I click go and nothing really happens. The output from the measuring blocks is: 

002: 
Front sensor actual 16.5% 
Rear sensor actual 13.3% 

005 
Front sensor learned 0.0% 
Rear sensor learned 0.0% 

The sensor arms look to be in the proper position, the pictures on several websites don't really show a reference point so I could be mistaken. Can anyone provide any help in getting this resolved?


----------



## [email protected] (Jul 19, 2010)

Please post a full Auto-Scan using the latest version of VCDS. 





 
Thank you.


----------



## GTI2Slow (Jun 23, 2007)

[email protected] said:


> Please post a full Auto-Scan using the latest version of VCDS.


 All the needed information was provided in the original post, thanks anyway. 

I found that the rear sensor was the problem, I showed this to a buddy and 13.3% was way out of spec (Hover over this field in vag-com and it will provide the specs). 

Anyhoo I found my issue after goggling this: 
http://www.swankmonkey.com/vw/jetta/2006/xenon_adjustment/ 

My rear sensor was just as pictured, other websites indicate the opposite, I switched the arm direction and the rear is now in spec and the headlight adjustment works. Hopefully this will help someone out in the future.


----------



## bearthebruce (Dec 23, 2005)

GTI2Slow said:


> All the needed information was provided in the original post, thanks anyway.


 Not quite. This forum's rules state: 



> 6) When posting questions involving fault codes or modifications you wish to make, please post a complete complete Auto-Scan from a current version of VCDS or VCDS-Lite. We do not wish to guess what control modules are installed in your car or how they are currently configured.

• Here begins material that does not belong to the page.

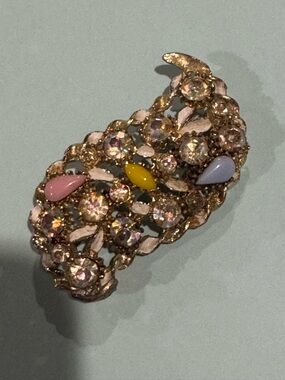 Vintage Style Brooch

If you're not using VCDS or VCDS-Lite, you're in the wrong forum. If you refuse to post a real scan, the moderators here reserve the right to lock your thread.


 In future posts here in this VCDS/VAG-COM forum, please abide by our rules. Thanks. 

Glad your problem is resolved.


----------



## matiasg85 (Mar 13, 2013)

What sholud be the right specs for rear and front? 

I have 16.9 in the fron and 30.2 in the rear.


----------